What age do you start your minis driving training? Just curious as I see different ages in many sales ads and wondered do they develop skeletally more quickly or slowly than full size horses?


----------



## targetsmom (Jun 23, 2012)

Normally I would say the earliest I would start one would be the fall of the year in which they were 2 (so they would be 2 1/2 years or older). But this year I started one at barely 2, and she is doing better than the 3 year old I started late last summer. That one was just bred and is on "hold" for now. The 2 year old I just started is very mature mentally and physically.


----------



## Reignmaker Miniatures (Jun 24, 2012)

Like targetsmom says it depends on the horse. I have started them as young as the fall of their 2 year old year but I have a gelding who is 5 who will be hitched for the first time this summer. He just wasn't mentally there (no focus ... a bit A.D.D) previously and I couldn't get him to be consistant in his responses to handling from day to day until now. I have started them at 3 and 4 as well, depends on th horse and what else is happening, sometimes I just got too busy so they waited a year.


----------



## Grace67 (Jun 24, 2012)

Thanks for both your responses. I was speaking with a person the other day who bought a 2010 weanling and she was ground driving him last fall then hitched him to a cart by December 2011 and is now showing him in driving classes 2012 so he's just barely 2. That seemed rather young to me physically even if the horse is mature mentally? I guess I'm just old fashioned in that I want a sound horse around for a good many years and don't see the need to rush them into starting their riding or driving careers too soon and having soundness issues crop up. If I were to purchase a weanling Fall 2012 what's the timeline for starting them in ground driving and eventually to cart? I know all are different but give me a basic idea if possible.


----------



## susanne (Jun 24, 2012)

It's done all the time, but I would never actually hitch any horse to a cart until they are three. Even if they are emotionally mature enough (which is not always the case), their knees are not closed, so who knows what long-term problems are being created.

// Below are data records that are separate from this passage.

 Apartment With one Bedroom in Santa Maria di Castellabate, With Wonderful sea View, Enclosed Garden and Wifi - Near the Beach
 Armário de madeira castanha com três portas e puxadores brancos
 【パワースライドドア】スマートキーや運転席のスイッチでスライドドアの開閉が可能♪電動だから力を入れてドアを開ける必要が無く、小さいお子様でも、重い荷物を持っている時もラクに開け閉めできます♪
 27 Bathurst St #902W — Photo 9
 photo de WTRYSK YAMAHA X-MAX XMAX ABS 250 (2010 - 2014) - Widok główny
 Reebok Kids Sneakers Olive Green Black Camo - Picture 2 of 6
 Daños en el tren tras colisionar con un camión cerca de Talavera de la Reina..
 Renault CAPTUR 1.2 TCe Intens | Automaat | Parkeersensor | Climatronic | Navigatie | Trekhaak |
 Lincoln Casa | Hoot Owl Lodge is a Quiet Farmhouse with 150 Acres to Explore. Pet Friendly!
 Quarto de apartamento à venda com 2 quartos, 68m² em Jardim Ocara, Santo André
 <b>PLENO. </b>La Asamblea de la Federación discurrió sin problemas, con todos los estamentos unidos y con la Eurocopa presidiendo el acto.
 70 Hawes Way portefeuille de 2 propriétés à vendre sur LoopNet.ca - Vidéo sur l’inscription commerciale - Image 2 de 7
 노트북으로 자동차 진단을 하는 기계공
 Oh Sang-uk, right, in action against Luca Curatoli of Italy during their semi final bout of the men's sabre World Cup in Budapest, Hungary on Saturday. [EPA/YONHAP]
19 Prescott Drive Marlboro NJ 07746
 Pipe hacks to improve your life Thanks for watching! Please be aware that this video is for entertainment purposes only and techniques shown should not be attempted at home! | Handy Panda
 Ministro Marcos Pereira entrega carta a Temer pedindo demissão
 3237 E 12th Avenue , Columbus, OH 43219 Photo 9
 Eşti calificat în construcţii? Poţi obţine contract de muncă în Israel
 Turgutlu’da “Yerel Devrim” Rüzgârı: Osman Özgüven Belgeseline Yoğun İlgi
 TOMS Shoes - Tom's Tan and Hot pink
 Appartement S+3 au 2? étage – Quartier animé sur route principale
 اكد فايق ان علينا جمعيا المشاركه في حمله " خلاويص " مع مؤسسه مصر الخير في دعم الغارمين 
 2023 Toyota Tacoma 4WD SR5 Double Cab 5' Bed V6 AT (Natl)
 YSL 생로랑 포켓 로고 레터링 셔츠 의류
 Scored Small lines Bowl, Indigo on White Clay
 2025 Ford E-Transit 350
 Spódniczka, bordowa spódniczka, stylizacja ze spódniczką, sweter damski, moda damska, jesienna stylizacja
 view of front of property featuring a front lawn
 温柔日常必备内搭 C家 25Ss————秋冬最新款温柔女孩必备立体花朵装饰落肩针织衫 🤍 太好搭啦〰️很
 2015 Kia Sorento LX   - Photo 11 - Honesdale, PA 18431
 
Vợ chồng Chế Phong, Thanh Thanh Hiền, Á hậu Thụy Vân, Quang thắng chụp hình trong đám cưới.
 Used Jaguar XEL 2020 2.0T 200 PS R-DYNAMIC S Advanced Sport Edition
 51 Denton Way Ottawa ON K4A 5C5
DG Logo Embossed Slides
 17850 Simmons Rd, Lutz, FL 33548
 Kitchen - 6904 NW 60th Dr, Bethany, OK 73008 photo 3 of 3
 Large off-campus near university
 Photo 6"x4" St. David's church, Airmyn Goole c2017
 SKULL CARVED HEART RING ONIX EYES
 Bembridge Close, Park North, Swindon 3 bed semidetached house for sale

In the show world, horses of all sizes are often trained for driving as two-year-olds and shown at three, but these horses are driving in a groomed arena and frequently retired for breeding after their third year.

There is so much in-hand training and ground-training that can be done early on that I don't understand the need to take any chances.


----------



## targetsmom (Jun 24, 2012)

The pinto association allows 2 year olds to drive and jump so we see it done quite often. Some people seem to think if the rules allow it then it must be good. Note that I am only ground driving the 2 year old shown above and am in no hurry to hook her to the cart or get her into the show ring, even though I COULD. The 3 year old I started last fall (now 4 years old) was showing me that she wasn't quite mentally ready for this. I am hoping to get the 2 year old into the ring when she is 3, which means I might hook her to the cart this fall and then give her some time off over the winter and start her back in the spring. She is entered in the 3 year old AMHA driving futurity for 2013, so I don't want her to be too far behind her potential competitors!


----------



## paintponylvr (Jun 25, 2012)

This is a subjective question depending on many things to me. Personally, everything we've done with our foals leads to the basics of driving - starting with in the first weeks of life...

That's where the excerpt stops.